**Problem requirements:**
Every record below should be retyped exactly, and no picture should appear in the copy.

**Records for this task:**
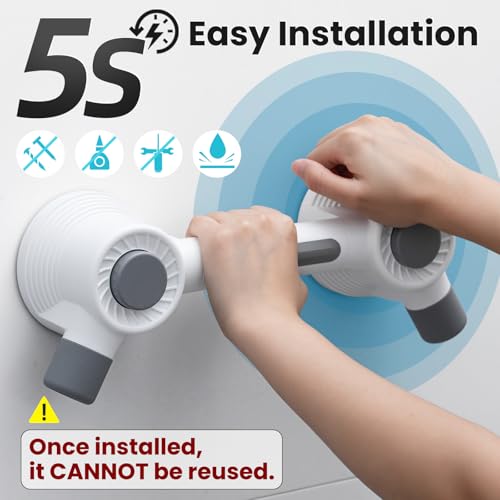 TAILI Shower Grab Bars,Shower Handles,Strong Adhesive,350lbs,2 Pack,Grey | Fits Microcrack Tile,Safety for Bathtubs,Toilet,Elderly&Seniors,Bathroom Grip Rails,No Drilling Removable Waterproof,12.8" - style: 2 Pack-Adhesive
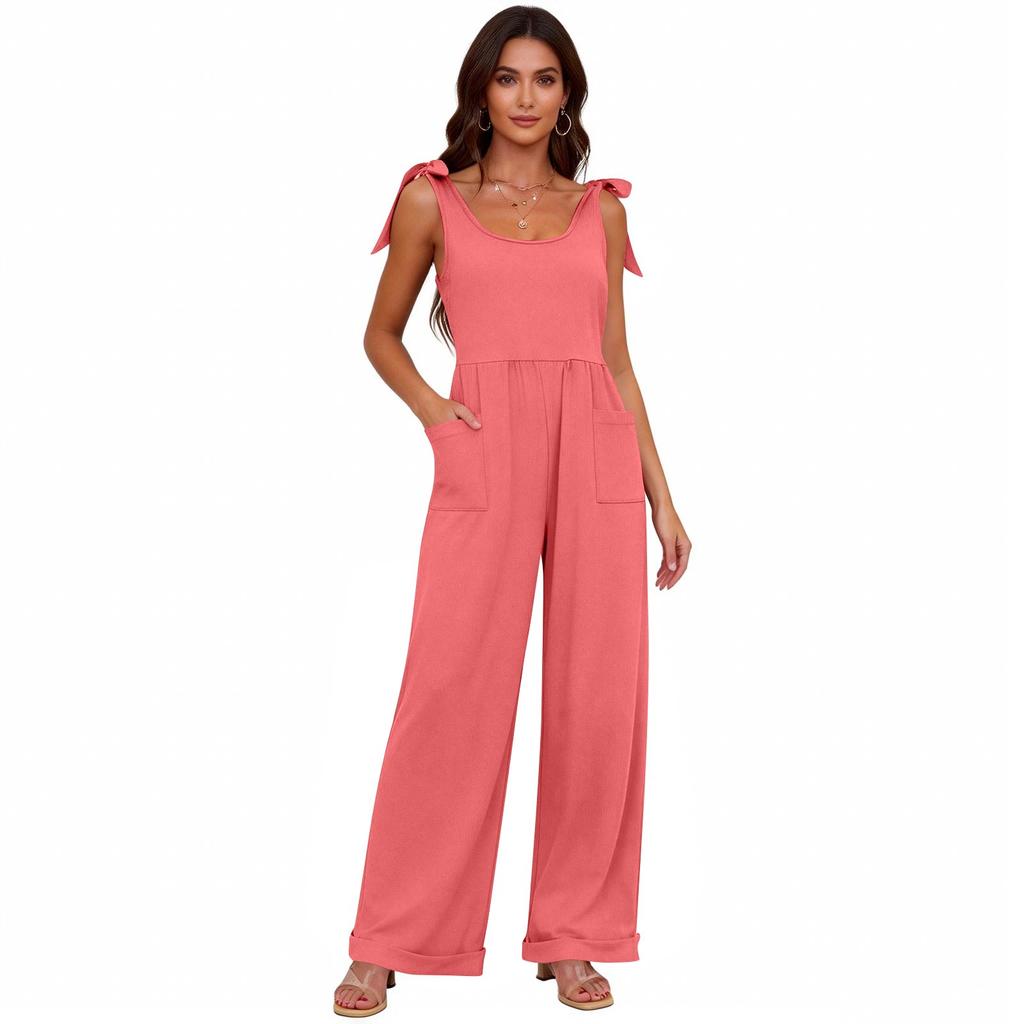 Женский повседневный комбинезон-брюки с цветочным принтом без рукавов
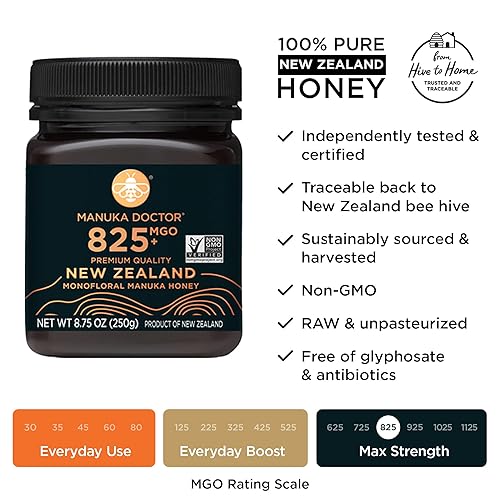 Miniatura 4 de MANUKA DOCTOR - MGO 80+ Multifloral SQUEEZY y MGO 825+ Monofloral Manuka Honey Value Bundle, 100% miel de Nueva Zelanda pura. Certificado.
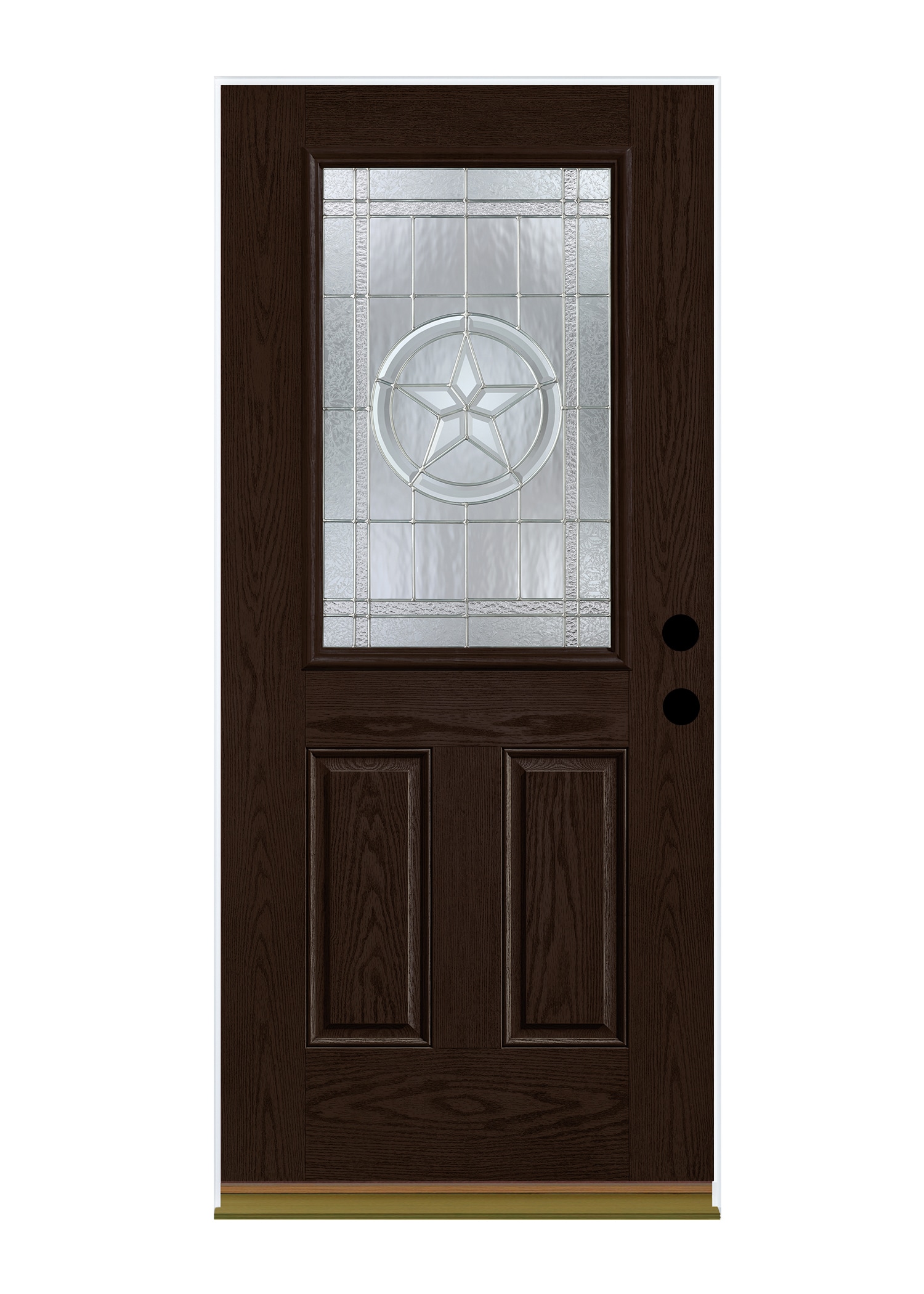 Therma-Tru Benchmark Doors Star 36-in x 80-in Fiberglass Half Lite Left-Hand Inswing Dark Elm Stained Prehung Single Front Door Insulating Core -  TTB639456SOS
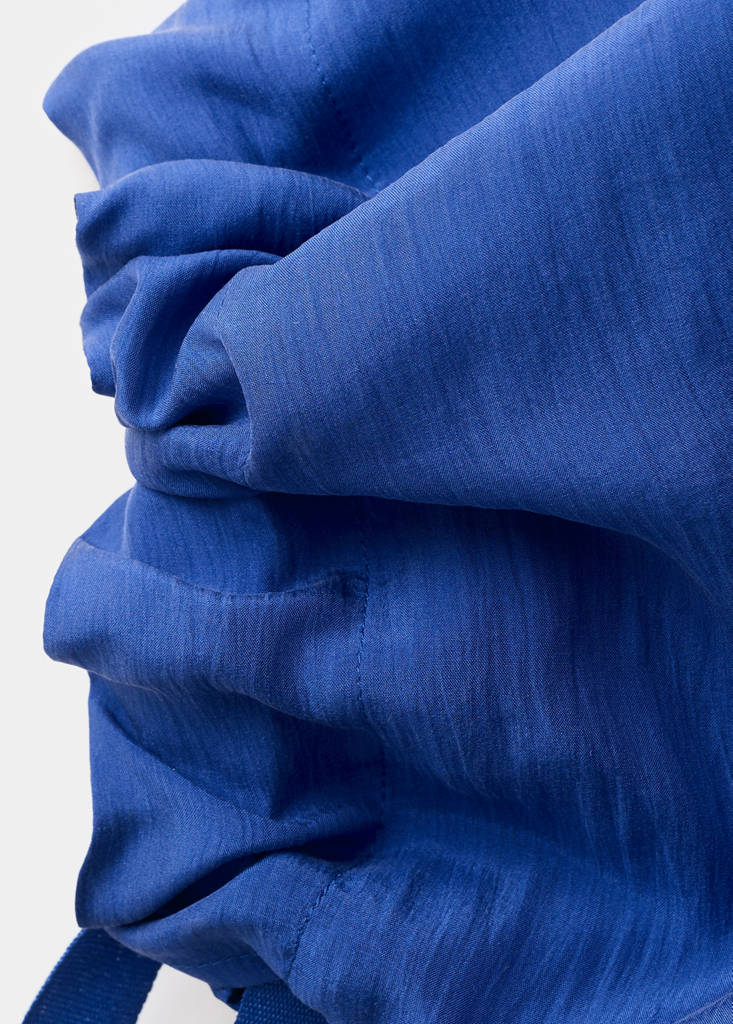 Puffed sleeve silk nightgown — Blue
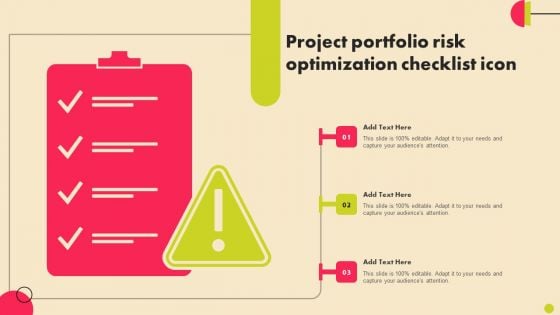 Project Portfolio Risk Optimization Checklist Icon Pictures PDF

**Reply to the task:**
 TAILI Shower Grab Bars,Shower Handles,Strong Adhesive,350lbs,2 Pack,Grey | Fits Microcrack Tile,Safety for Bathtubs,Toilet,Elderly&Seniors,Bathroom Grip Rails,No Drilling Removable Waterproof,12.8" - style: 2 Pack-Adhesive
 Женский повседневный комбинезон-брюки с цветочным принтом без рукавов
 Miniatura 4 de MANUKA DOCTOR - MGO 80+ Multifloral SQUEEZY y MGO 825+ Monofloral Manuka Honey Value Bundle, 100% miel de Nueva Zelanda pura. Certificado.
 Therma-Tru Benchmark Doors Star 36-in x 80-in Fiberglass Half Lite Left-Hand Inswing Dark Elm Stained Prehung Single Front Door Insulating Core -  TTB639456SOS
 Puffed sleeve silk nightgown — Blue
 Project Portfolio Risk Optimization Checklist Icon Pictures PDF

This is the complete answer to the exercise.